The travel and tourism industry continues to be a major economic driver globally and closer to home in Central Oregon (CO). In 2023, according to the World Travel and Tourism Council, the travel industry represented 9.2% of global GDP. Closer to home, according to Dean Runyan Associates’ 2022 report, Central Oregon’s travel economy was approximately $1.3 billion. Most economic leading indicators for travel provided by STR, like occupancy (58.9%) and average daily rate ($157.26), were healthy coming into 2024. Central Oregon, and specifically Bend, is tracking closely to benchmark destinations like Bellingham, Washington; Boseman, Montana; and Flagstaff, Arizona. The industry will always be susceptible to macro-environmental shocks, so forecasting 2024 revenue is difficult. However, the general consensus is that the rapid revenue growth of the last several years will moderate; the industry is projecting little to no growth for 2024.

As a result of this financial performance, Bend’s 10.4% lodging tax generated from tourism accounted for $14,566,143. Tourism tax collection to the unrestricted general fund, which typically financially supports fire, police, and roads, totaled $9,526,257 over the last 12 months.
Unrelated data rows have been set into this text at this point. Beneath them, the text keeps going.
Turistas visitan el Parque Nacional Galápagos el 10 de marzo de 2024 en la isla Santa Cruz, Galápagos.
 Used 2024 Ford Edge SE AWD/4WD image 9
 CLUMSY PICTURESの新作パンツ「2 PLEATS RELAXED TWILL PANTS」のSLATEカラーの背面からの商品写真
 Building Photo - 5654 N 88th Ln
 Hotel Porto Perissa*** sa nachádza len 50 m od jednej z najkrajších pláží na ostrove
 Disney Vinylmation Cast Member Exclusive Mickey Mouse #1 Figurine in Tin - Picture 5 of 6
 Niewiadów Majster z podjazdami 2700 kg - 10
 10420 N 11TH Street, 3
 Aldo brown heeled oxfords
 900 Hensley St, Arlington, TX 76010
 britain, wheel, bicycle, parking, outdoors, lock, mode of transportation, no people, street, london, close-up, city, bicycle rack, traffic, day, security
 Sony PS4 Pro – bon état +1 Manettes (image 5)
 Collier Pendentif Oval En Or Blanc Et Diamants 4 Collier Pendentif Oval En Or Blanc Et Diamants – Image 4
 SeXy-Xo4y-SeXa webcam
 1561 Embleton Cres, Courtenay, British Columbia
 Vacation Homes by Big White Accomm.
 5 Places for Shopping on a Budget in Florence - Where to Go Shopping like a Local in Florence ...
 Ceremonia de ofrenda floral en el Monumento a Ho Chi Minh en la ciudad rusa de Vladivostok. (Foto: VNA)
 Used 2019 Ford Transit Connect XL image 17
The remaining 35.4% of tax revenue went to promote marketing activities and grant programs to support businesses struggling during the off-season and low-demand tourism months.

Although parts of the industry are returning to normal, some changes over the last few years will likely persist. During the COVID pandemic, the shock to the travel and tourism labor market was significant, impacting service levels, operations, and, in some cases, the financial viability of companies. The industry, nationally and within Central Oregon, responded with significant pay increases to attract and maintain labor. These pay increases appear to be lasting.

Due to the labor shock, substantial investments in service automation technology also reached record levels and are likely to bear more fruit in 2024. These investments improved operational efficiency by lowering labor costs and, in some cases, also achieved a second goal of improving customer service.

Customer awareness and desire to lessen the impact of their travel on the environment and communities hosting them have changed substantially as well. Sustainable travel was once a niche customer segment that favored eco-tourism. However, mainstream customer adoption of sustainable travel practices, such as do-no-harm to the destination, is expected to continue as more customers look to minimize community and environmental impacts.

These and other changes are pushing Destination Marketing Organizations (DMO) to rethink their role as purely economic development organizations and instead introduce themselves as destination stewards. Communities worldwide are rethinking tourism and are now asking DMOs to ensure that destinations provide the same type of experience to future generations of visitors and travelers as they do today.

Responding to this shift, DMOs are embracing sustainable tourism, which is an economic development model that focuses on preserving financial and economic development through community engagement and minimizing the environmental impact of tourism. Visit Bend was recently recognized as a national leader in this space with its recent Partner of the Year Award from Leave No Trace. Related efforts also include Visit Bend’s sustainability and cultural grant programshich financially support the development of dual-use facilities to be enjoyed by both locals and visitors.

In summary, the travel and tourism industry will continue to play a vital economic role in our region in 2024, supporting livelihoods and amenities for residents. It will also create new experiences for our visitors while providing critical tax revenue to support Central Oregon’s essential services.